Def split2batches (batch_size=32, device='cpu'): train, valid, test, TEXT = get_dataset () # datasets contains train, valid, test LOGGER.debug in order ("prepare data in batches.") Train_iterator, valid_iterator, test_iterator = data.BucketIterator.splits ((train, valid, test), batch_size = batch_size, sort = False Device = device) LOGGER.debug ("complete data in batches!") Return train_iterator, valid_iterator, test_iterator, TEXT6.1 parameters interpretation of split2batches (batch_size=32, device=0)

The maximum number of comments added by batch_size per batch

Device device='cpu' runs in CPU and device='gpu' runs in GPU. On ordinary computers, only CPU returns a BucketIterator object.

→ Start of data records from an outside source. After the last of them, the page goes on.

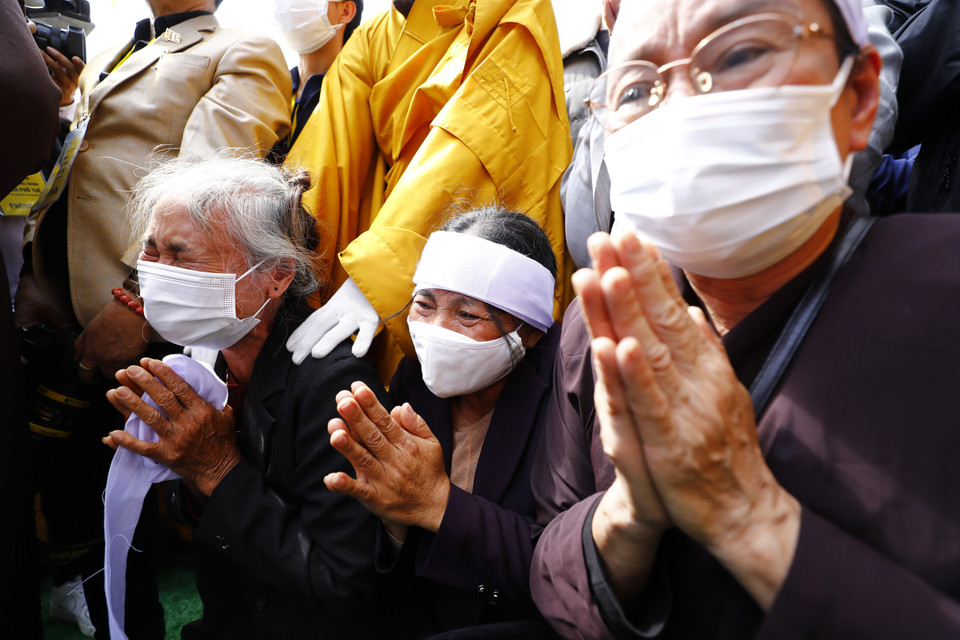 Tăng ni, phật tử đưa tiễn Đại lão Hòa thượng, Đức Pháp chủ Giáo hội Phật giáo Việt Nam Thích Phổ Tuệ. (Ảnh: Minh Đức/TTXVN)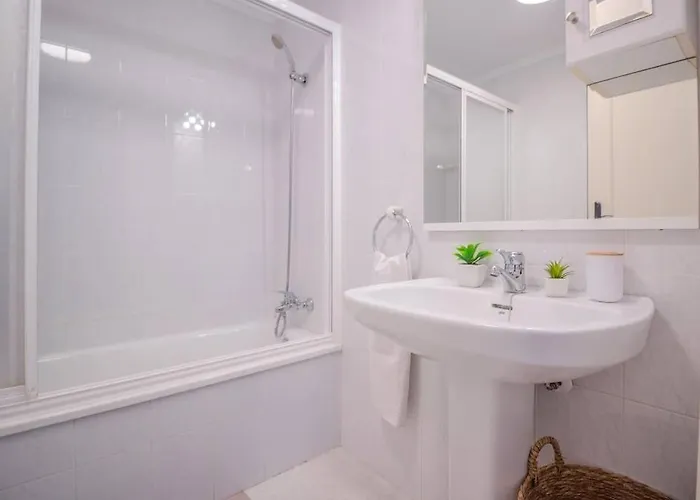 Apartamento En Con Piscina Y A 100 Metros De La Playa *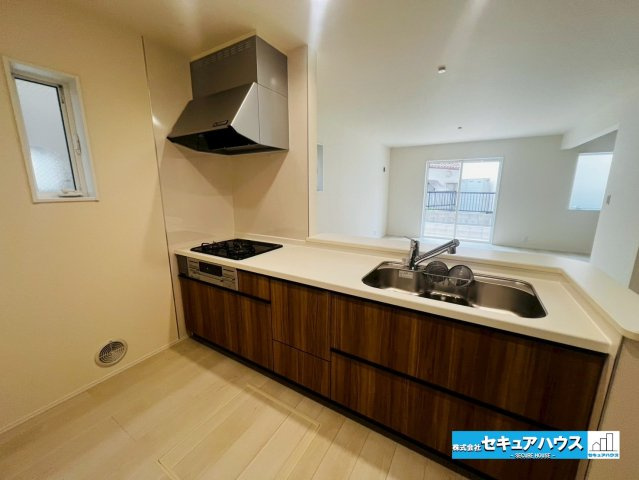 【今からご案内可能】豊明市前後町鎌ケ須　全4棟のキッチン|【キッチン】
◆対面式キッチンの為、リビングで遊ぶお子様の様子やテレビを見ながら料理することができます。
◆キッチンの窓は調理中のニオイや煙、熱気を効率的に排出できる高い換気能力があります。　　　　　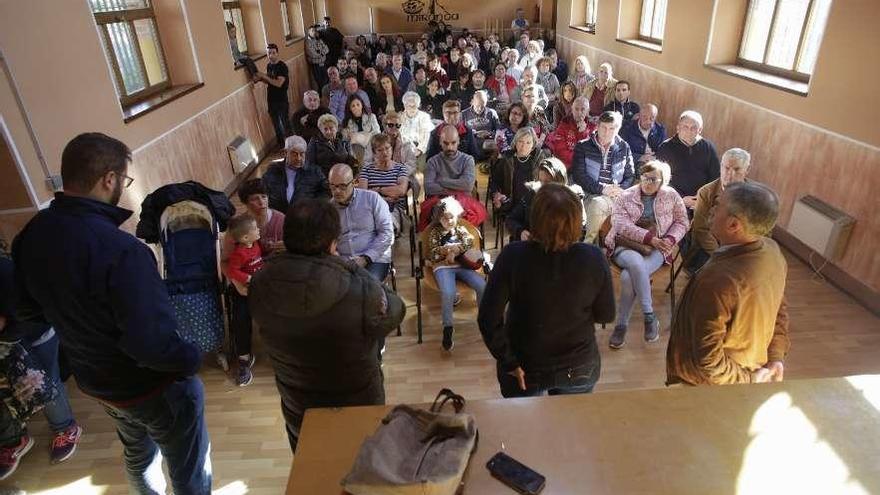 De espaldas, por la izquierda, Cástor Conde, Fernando Baudín, Pilar Varela y el dirigente vecinal Félix Rodríguez, ayer, durante la asamblea en la Casa de Cultura de Miranda.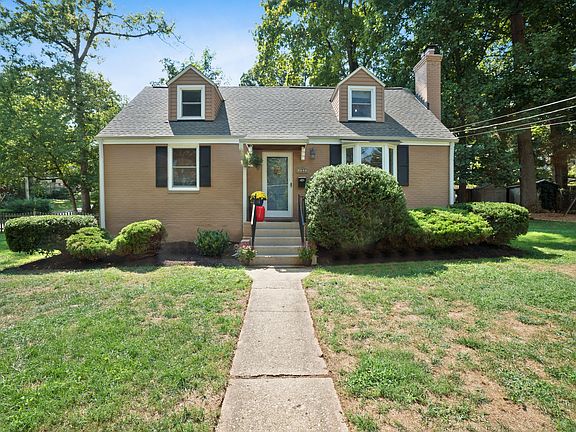 2nd image of 6923 Jefferson Ave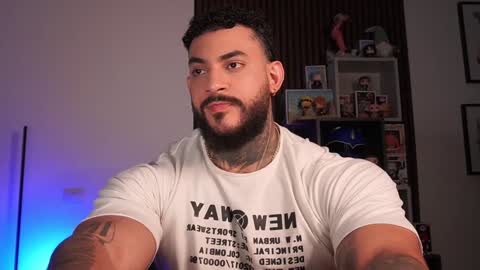 Snapshot of jackson__cottonwood chatting on 02-03-25, 06:39 JC online show from 02-03-25, 06:39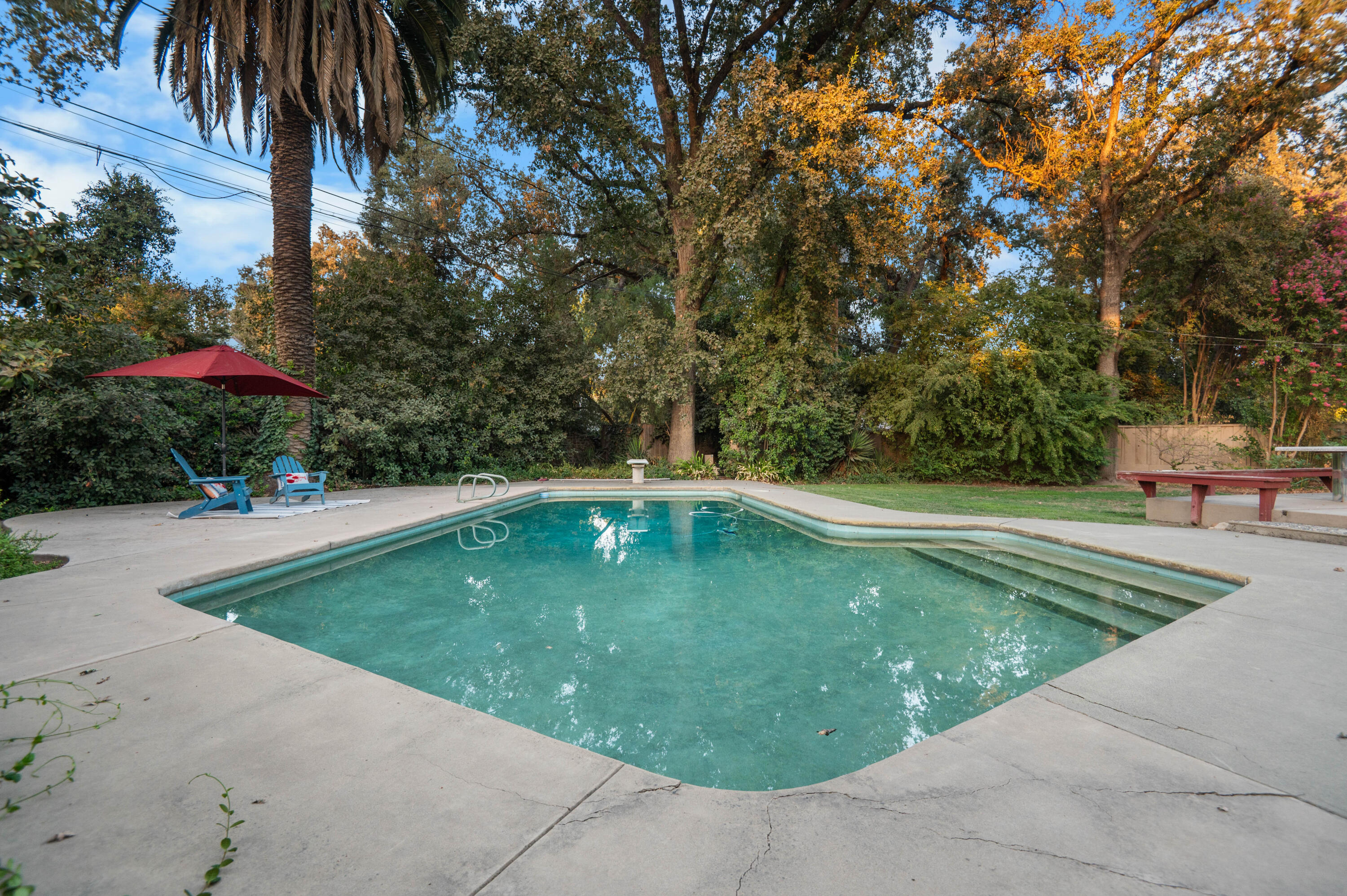 1716 W Meadow Ave, Visalia, CA 93277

Train_iterator, valid_iterator, test_iterator, TEXT = split2batches () train_iterator

Run

View train_iterator data types

Type (train_iterator) torchtext.data.iterator.BucketIterator6.2BucketIterator object

Take trainiterator as an example (validiterator and test_iterator are all the same objects). Because the data in this example has two fields, label and text,

Get the dataset of train_iterator

Train_iterator.dataset

Get the eighth object in train_iterator

Train_iterator.dataset.examples [7]

Get the contents of the lebel field of the eighth object in train_iterator

Train_iterator.dataset.examples [7]. Label'ham'

Get the contents of the text field of the eighth object in train_iterator

Train_iterator.dataset.examples [7] .text ['were',' trying', 'to',' find', 'chinese',' food', 'place',' around', 'here'] here, I believe you have a deeper understanding of "how to import NLP datasets using torchtext". You might as well do it in practice. Here is the website, more related content can enter the relevant channels to inquire, follow us, continue to learn!

Welcome to subscribe "Shulou Technology Information " to get latest news, interesting things and hot topics in the IT industry, and controls the hottest and latest Internet news, technology news and IT industry trends.

*The comments in the above article only represent the author's personal views and do not represent the views and positions of this website. If you have more insights, please feel free to contribute and share.